ISLAMABAD.– El ministro de Exteriores de Irán, Abás Araqchí, dejó Islamabad este sábado tras una apretada agenda de reuniones con autoridades civiles y militares de Pakistán.
Su partida se produjo sin esperar la llegada de los enviados de Estados Unidos, que estaba programada para el mismo día.
Fuentes diplomáticas confirmaron que Araqchí se dirigió a Omán, su siguiente destino en una gira que también incluye Rusia.
Desde el inicio de su visita, Araqchí dejó claro que no tenía planes de reunirse con representantes estadounidenses, marcando una clara distancia en un momento crucial para las negociaciones.

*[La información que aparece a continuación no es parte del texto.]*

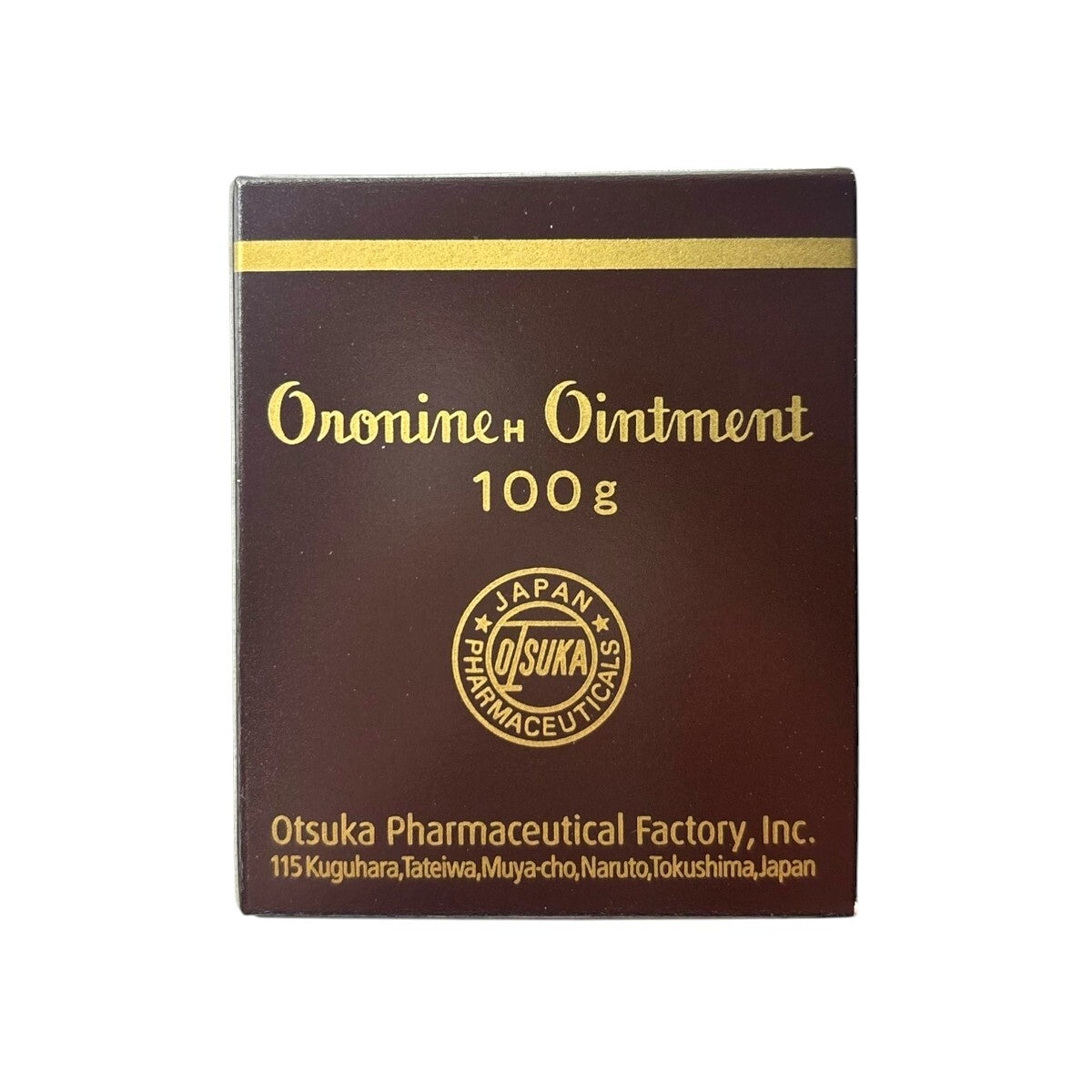 Oronine娥羅納英H軟膏 100克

La visita, que comenzó la noche del viernes, había generado expectativas sobre una posible reactivación del diálogo de paz.
Sin embargo, las conversaciones siguen estancadas debido a la negativa de Irán a negociar mientras persista el bloqueo contra sus puertos y comercio marítimo.
Enviados de EE. UU. y la incertidumbre
El mismo día de la partida de Araqchí, el gobierno del presidente Donald Trump anunció que sus enviados, Jared Kushner y Steve Witkoff, viajarían a Islamabad.
No obstante, hasta el momento no se ha confirmado su salida hacia la capital paquistaní, lo que aumenta la incertidumbre en torno al proceso.
Durante su estancia, Araqchí se reunió con figuras clave, como el jefe de las Fuerzas de Defensa de Pakistán, Asim Munir, el primer ministro Shahbaz Sharif y el canciller Muhammad Ishaq Dar.
Pakistán se mantiene como un mediador estratégico entre ambas potencias.
En estas reuniones, Irán reiteró sus condiciones para avanzar en el diálogo: el levantamiento del bloqueo y el cese de acciones militares por parte de Estados Unidos.
Medios locales informaron que Teherán expresó una “reserva total” frente a las exigencias estadounidenses.
Irán rechaza diálogo directo
Las autoridades iraníes han reafirmado que no sostendrán reuniones directas con la delegación estadounidense, desmintiendo versiones de Washington sobre supuestos avances o solicitudes de contacto por parte de Teherán.
Estados Unidos había indicado que el viaje de sus enviados respondía a señales positivas desde Irán.
Sin embargo, la cancillería iraní negó categóricamente esta versión, dejando claro que no existen condiciones para un encuentro.
A pesar de la falta de avances concretos, la presencia de Araqchí en Islamabad es considerada un movimiento relevante dentro del complejo escenario diplomático.
Las negociaciones continúan en pausa, condicionadas a cambios en la política de presión estadounidense sobre Irán.